Action item: Would you reproduce the whole listing exactly, minus its images?

Dataset excerpt:

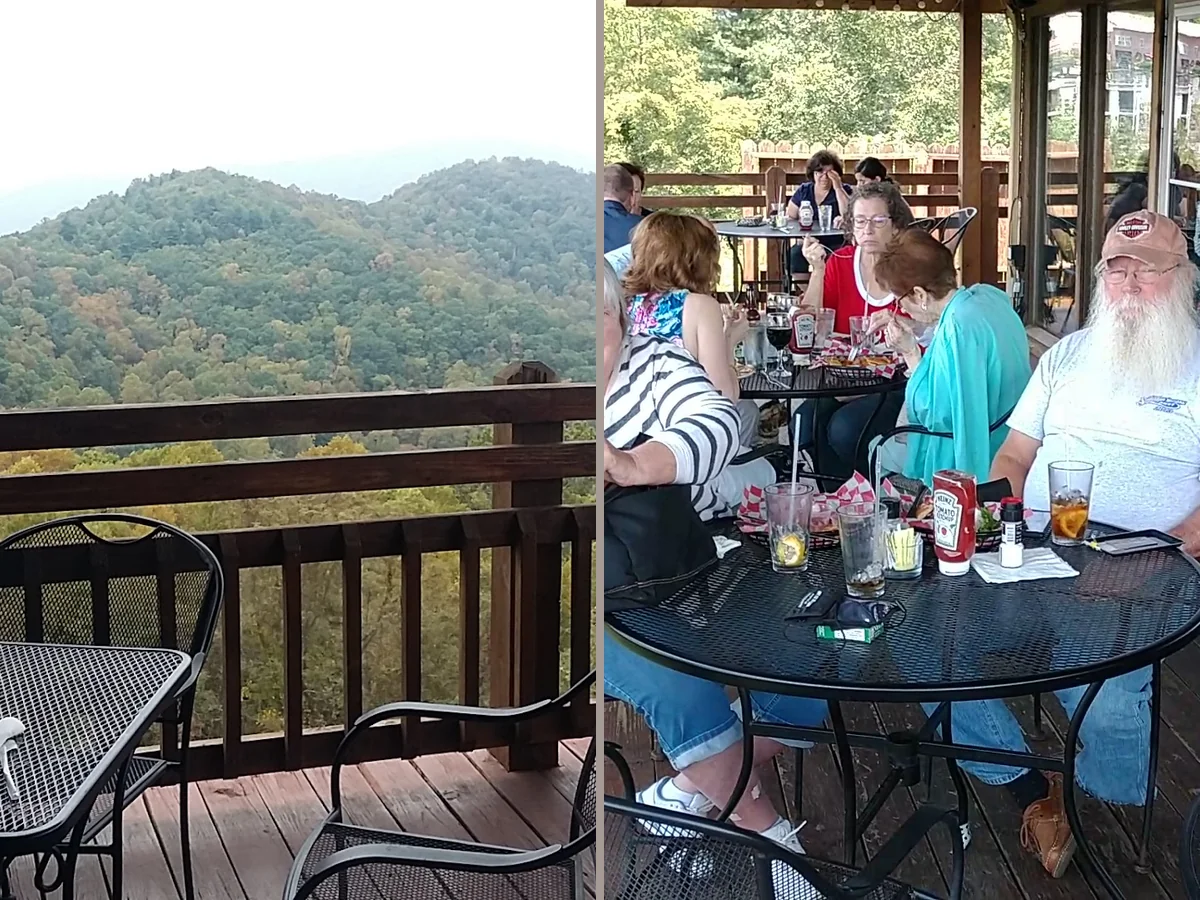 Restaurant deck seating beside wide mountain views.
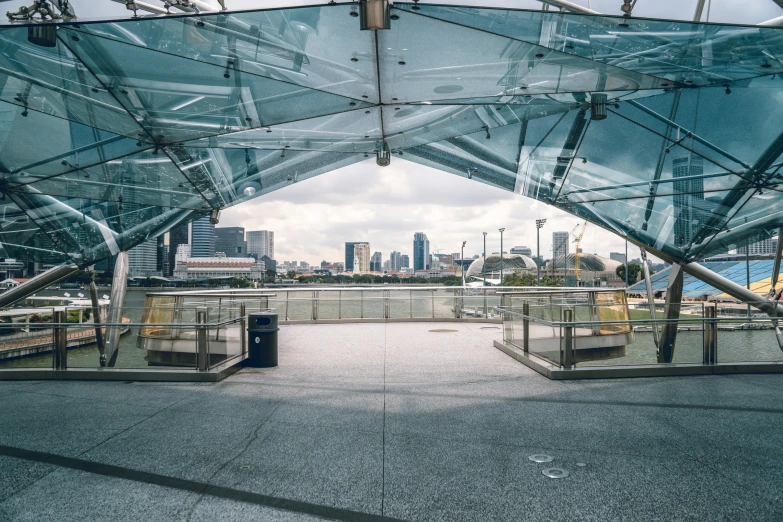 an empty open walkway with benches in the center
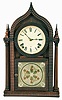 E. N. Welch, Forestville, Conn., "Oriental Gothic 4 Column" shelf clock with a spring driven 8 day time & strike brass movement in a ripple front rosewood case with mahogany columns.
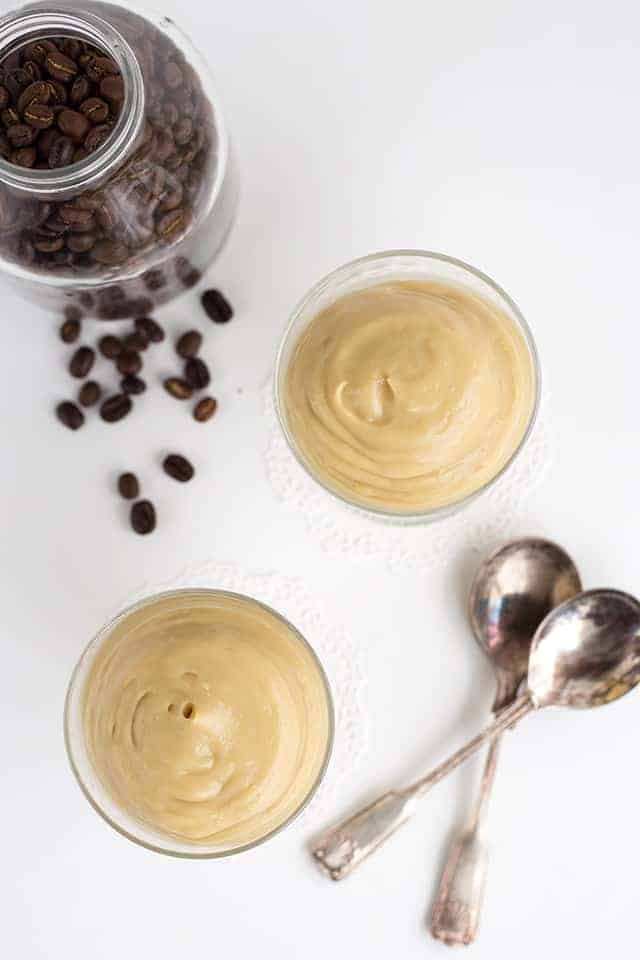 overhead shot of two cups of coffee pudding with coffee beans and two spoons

Solution to this task:
 Restaurant deck seating beside wide mountain views.
 an empty open walkway with benches in the center
 E. N. Welch, Forestville, Conn., "Oriental Gothic 4 Column" shelf clock with a spring driven 8 day time & strike brass movement in a ripple front rosewood case with mahogany columns.
 overhead shot of two cups of coffee pudding with coffee beans and two spoons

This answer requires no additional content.